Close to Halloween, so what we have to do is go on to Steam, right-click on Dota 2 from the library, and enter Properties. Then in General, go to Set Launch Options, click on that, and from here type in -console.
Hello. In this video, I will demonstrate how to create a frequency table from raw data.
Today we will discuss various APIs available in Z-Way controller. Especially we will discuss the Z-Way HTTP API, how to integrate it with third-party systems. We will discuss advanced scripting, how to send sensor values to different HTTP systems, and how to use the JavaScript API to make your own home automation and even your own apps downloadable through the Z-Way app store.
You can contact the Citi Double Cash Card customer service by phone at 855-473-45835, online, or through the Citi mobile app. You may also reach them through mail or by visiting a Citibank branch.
--
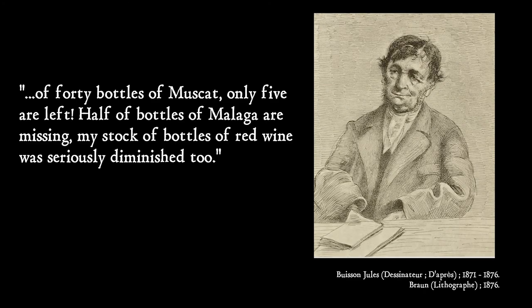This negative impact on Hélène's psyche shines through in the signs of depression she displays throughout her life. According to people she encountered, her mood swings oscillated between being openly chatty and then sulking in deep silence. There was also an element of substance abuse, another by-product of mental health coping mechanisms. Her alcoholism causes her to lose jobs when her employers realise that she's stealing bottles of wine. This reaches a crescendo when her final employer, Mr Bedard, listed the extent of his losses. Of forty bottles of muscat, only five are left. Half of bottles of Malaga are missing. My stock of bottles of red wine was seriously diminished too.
...
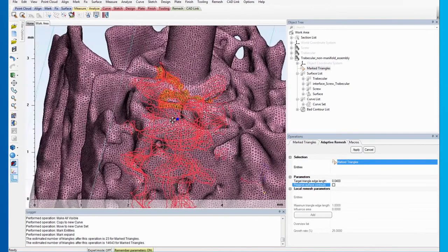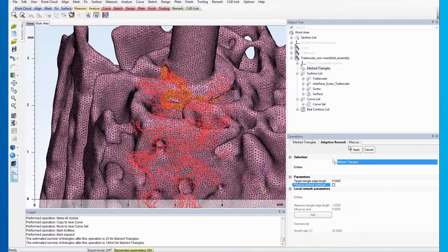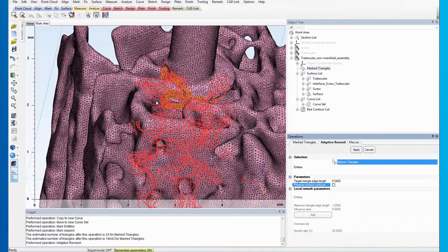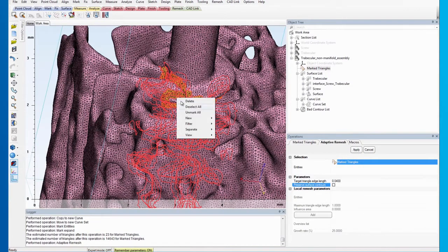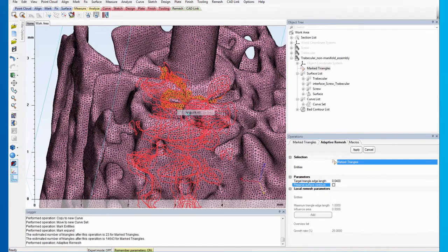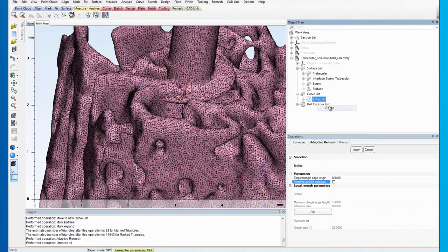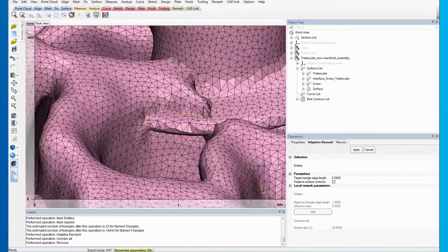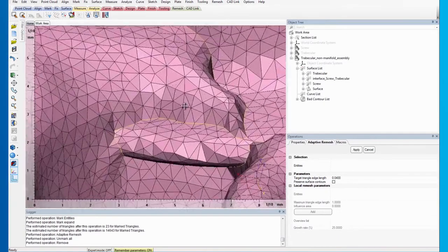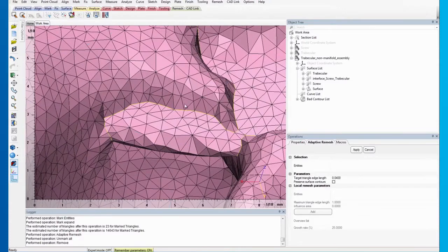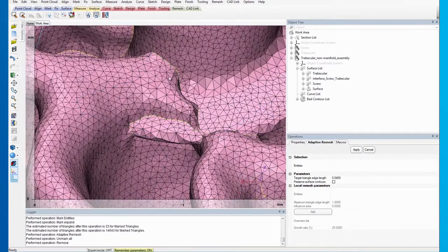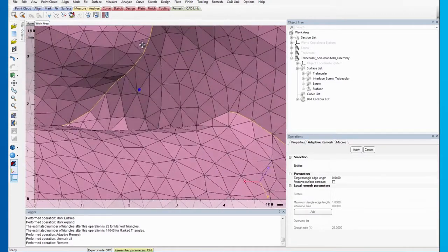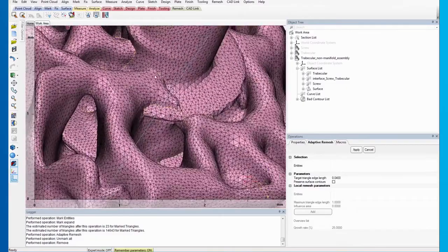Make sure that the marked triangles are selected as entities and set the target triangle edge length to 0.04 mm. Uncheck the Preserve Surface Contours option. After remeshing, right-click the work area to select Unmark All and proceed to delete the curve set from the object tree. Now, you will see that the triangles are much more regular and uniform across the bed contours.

Directions for this task:
From the line holding "Today we will" to the line holding "You can contact", inclusive, restate each line above exactly as written.

Solution:
Today we will discuss various APIs available in Z-Way controller. Especially we will discuss the Z-Way HTTP API, how to integrate it with third-party systems. We will discuss advanced scripting, how to send sensor values to different HTTP systems, and how to use the JavaScript API to make your own home automation and even your own apps downloadable through the Z-Way app store.
You can contact the Citi Double Cash Card customer service by phone at 855-473-45835, online, or through the Citi mobile app. You may also reach them through mail or by visiting a Citibank branch.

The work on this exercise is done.